Nope, I'm not getting into metaphysics. Something more simple. What if the async API you're consuming returns just a Task? Not a Task of int but a simple old humble Task.

So to take our example we're going from this:

    public interface ISageService
    {
        Task<int> DeleteAsync(int id);
    }

To this:

    public interface ISageService
    {
        Task DeleteAsync(int id);
    }

Your initial thought might be "well that's okay, I'll just lop off the ReturnsAsync statements and I'm home free". That's what I thought anyway.... And I was *WRONG*! A moments thought and you realise that there's still a return type - it's just Task now. What you want to do is something like this:

            _sageServiceMock
                .Setup(x => x.DeleteAsync(_sage.Id))
                .ReturnsAsync(void); // This'll definitely work... Probably

No it won't - void is not a real type and much as you might like it to, this is not going to work.

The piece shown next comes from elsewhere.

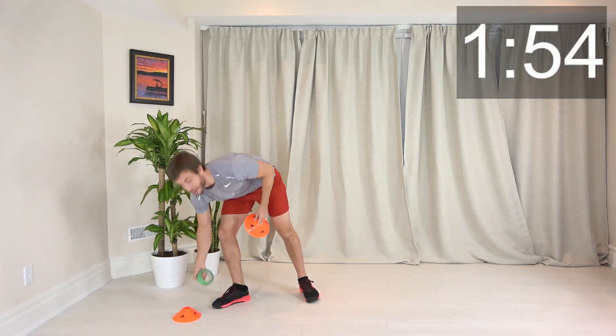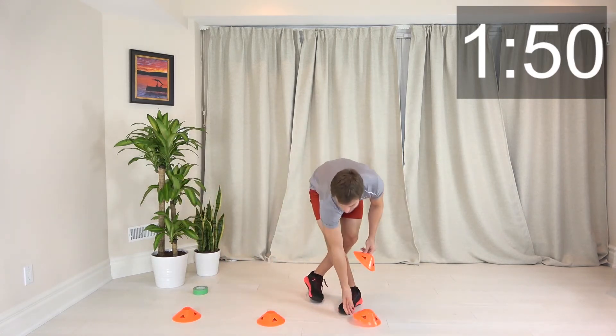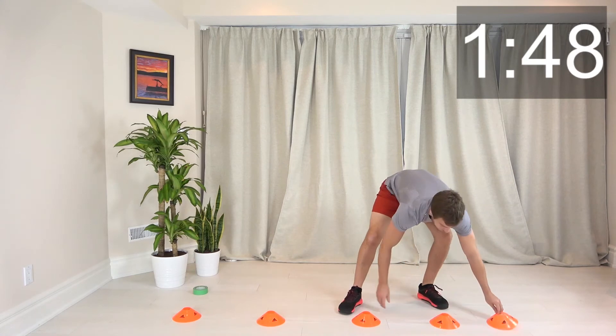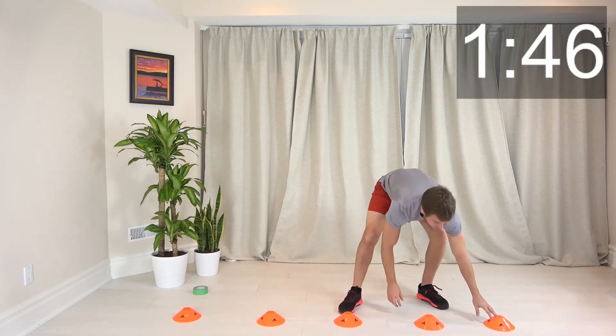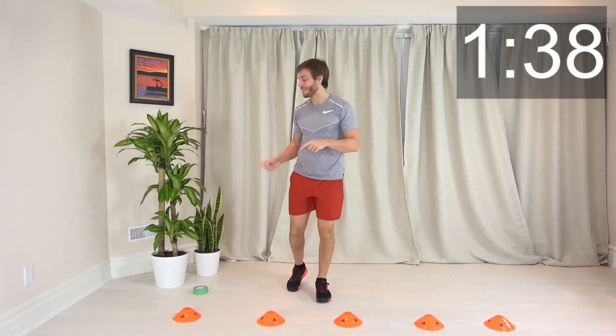For these intervals, we're going to set up some cones, or you can use painters tape or books instead. You'll need about five of them, spaced about a foot or so apart — that's the setup. If you don't have books or cones, you can just use your imagination, tape, or whatever you've got.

So right now you're thinking, well Moq probably has my back - it'll have something like ReturnsTask, right? Wrong! It's intentional it turns out - there's a discussion on GitHub about the issue. And in that discussion there's just what we need. We can use Task.Delay or Task.FromResult alongside Moq's good old Returns method and we're home free!

Here's one I made earlier...

namespace Proverb.Web.Controllers
{
    // ISageService again included inline for ease of explanation
    public interface ISageService
    {
        Task DeleteAsync(int id);
    }

    public class SageController : ApiController
    {
        ISageService _sageService;

        public SageController(ISageService userService) 
        {
            _sageService = userService;
        }

        public async Task<IHttpActionResult> Delete(int id)
        {
            await _sageService.DeleteAsync(id);

            return Ok();
        }
   }
}
namespace Proverb.Web.Tests.ASPNet.Controllers
{
    [TestClass]
    public class SageControllerTests
    {
        private Mock<ISageService> _sageServiceMock;
        private SageController _controller;

        readonly Task TaskOfNowt = Task.Delay(0);
        // Or you could use this equally valid but slightly more verbose approach:
        //readonly Task TaskOfNowt = Task.FromResult<object>(null);

        [TestInitialize]
        public void Initialise()
        {
            _sageServiceMock = new Mock<ISageService>();

            _controller = new SageController(_sageServiceMock.Object);
        }

        [TestMethod]
        public async Task Delete_returns_an_Ok()
        {
            _sageServiceMock
                .Setup(x => x.DeleteAsync(_sage.Id))
                .Returns(TaskOfNowt); // Feels good doesn't it?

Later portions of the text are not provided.